Christopher Eisgruber 83, Laurance S. Rockefeller Professor
of Public Affairs in the Woodrow Wilson School and the University
Center for Human Values:
The Shield of Achilles: War, Peace, and the Course of History,
by Philip Bobbitt '71 (Knopf, 2002). Bobbitt, a law professor and
former senior director for strategic planning at the National Security
Council, examines how the threat of terrorism may change the constitutional
structure of the U.S. and other nations. At about 900 pages, the
book may be more suited to a Russian winter than a week at the beach.
Treat it like a swim in the ocean: Dip into the approachable parts,
and dive elsewhere when the waters seem too deep!
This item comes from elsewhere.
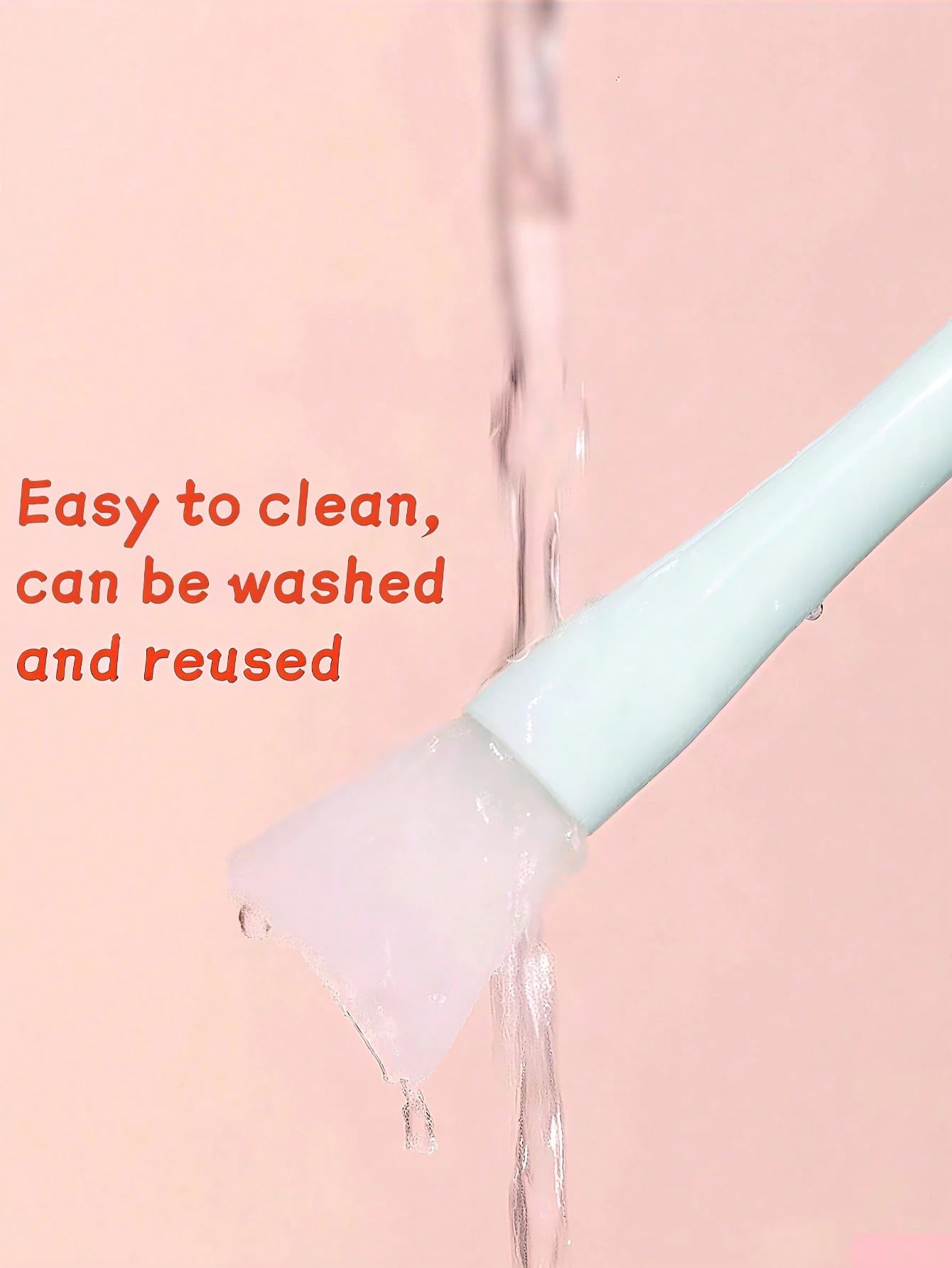 30/10/6/3/2/1pc Silicone Face Mask Brush, Soft Bristle Head With Scraper, Multi-Functional Dual-Use Mud Mask Brush, DIY Mask Application Beauty Tool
Cabal, by Michael Dibdin (Faber & Faber, 1992). In
Dibdin's darkly elegant mysteries, Italian detective Aurelio Zen
battles crime and the corruption of his superiors. In this volume,
Zen confronts murder and intrigue in the Vatican.
The Myth of Ownership: Taxes and Justice, by Liam Murphy
and Thomas Nagel (Oxford, 2002). This lucid and provocative book
examines the ethical issues posed by the tax system. Written for
a general audience by two of the world's leading philosophers
one of whom, Nagel, taught for many years at Princeton.
Simon Morrison *97, assistant professor of music:
White Swan, Black Swan, by Adrienne Sharp (Ballantine,
2002). This collection of stories, a balletomane's dream, meditates
on the ephemerality of dancers' careers and the works in which they
perform. Paradoxically, it suggests that the impermanence of dance
is its most enduring and precious quality.
On Beauty and Being Just, by Elaine Scarry (Princeton,
1999). This short essay furnishes an antidote to writings about
the political economy of artistic creation. For our less-than-beautiful
times, Scarry intimates that the surface of art, rather than its
philosophical or sociopolitical subtexts, has the potential to mirror
the divine.
Anna Karenina by Leo Tolstoy, translated by Richard Pevear
and Larissa Volokhonsky (Penguin, 2001). One billion readers can't
be wrong. This novel merits repeated leisurely reading for its miraculous
examination of the entirety of human experience. Anna's affair with
Vronsky is the least of Tolstoy's concerns.
Elaine Pagels, Harrington Spear Paine Foundation Professor of
Religion:
Varieties of Religious Experience, by William James (reissued
by Random House, 1999). In this groundbreaking work on religion,
a century old, the philosopher and psychologist addresses questions
about the nature and existence of God and examines topics such as
the sick soul, conversion, saintliness, and mysticism.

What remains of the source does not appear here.